» **PROBLEM TO SOLVE**: Extract each line of the material that follows exactly and omit its pictures.

» **SOURCE DATA**:
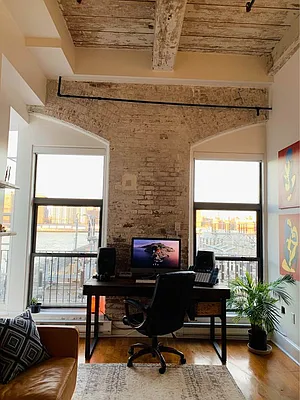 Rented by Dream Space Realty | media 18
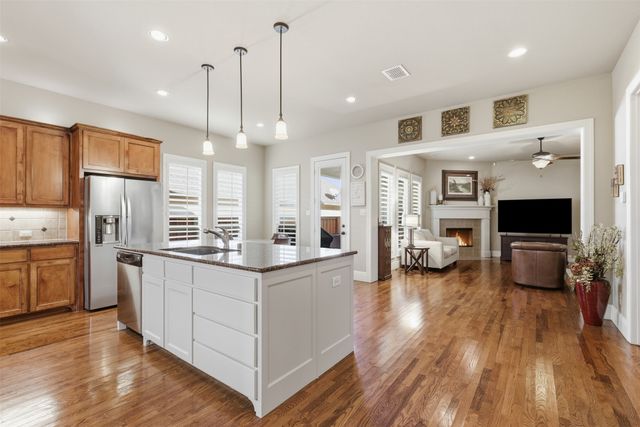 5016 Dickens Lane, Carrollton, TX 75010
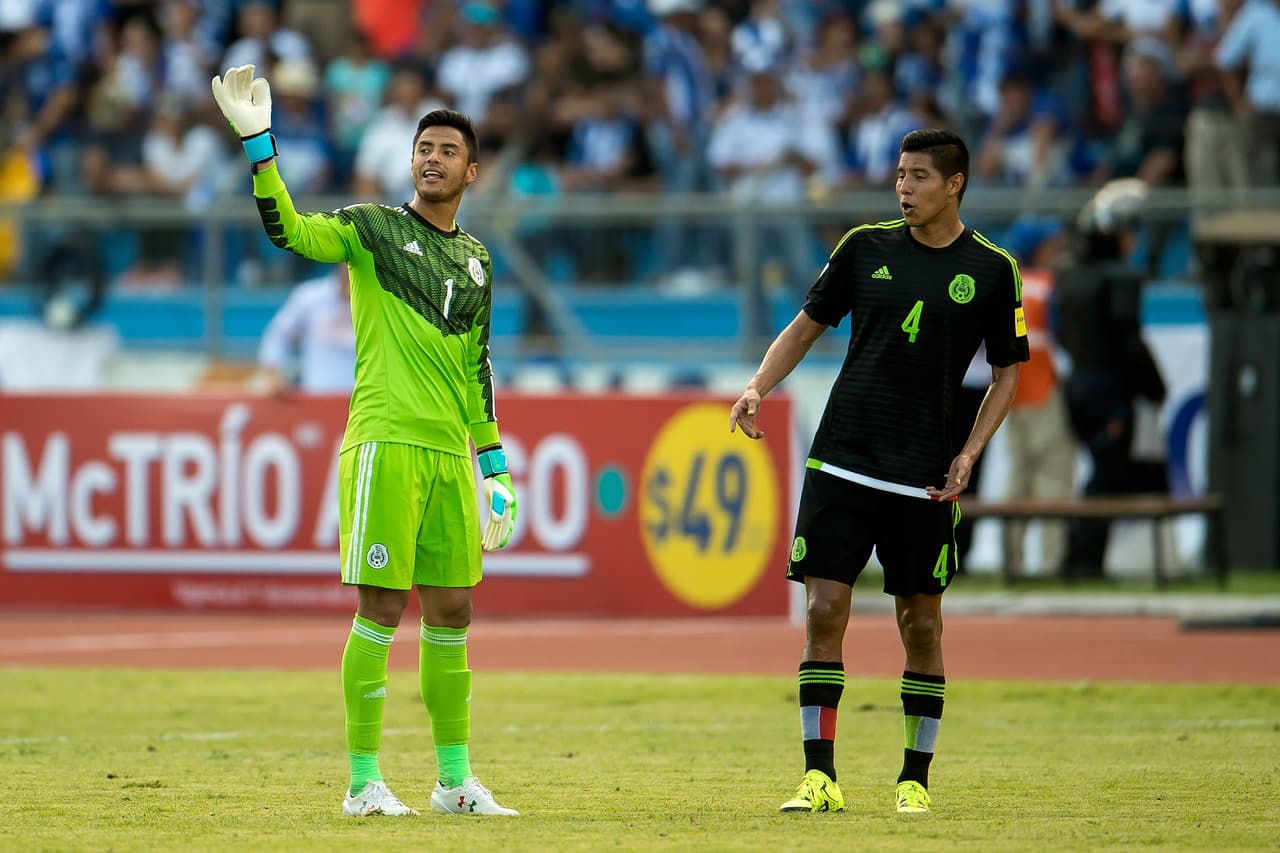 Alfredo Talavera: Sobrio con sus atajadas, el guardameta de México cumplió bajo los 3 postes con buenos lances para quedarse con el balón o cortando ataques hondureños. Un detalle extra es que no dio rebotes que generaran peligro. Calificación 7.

» **ANSWER TO THE PROBLEM**:
 Rented by Dream Space Realty | media 18
 5016 Dickens Lane, Carrollton, TX 75010
 Alfredo Talavera: Sobrio con sus atajadas, el guardameta de México cumplió bajo los 3 postes con buenos lances para quedarse con el balón o cortando ataques hondureños. Un detalle extra es que no dio rebotes que generaran peligro. Calificación 7.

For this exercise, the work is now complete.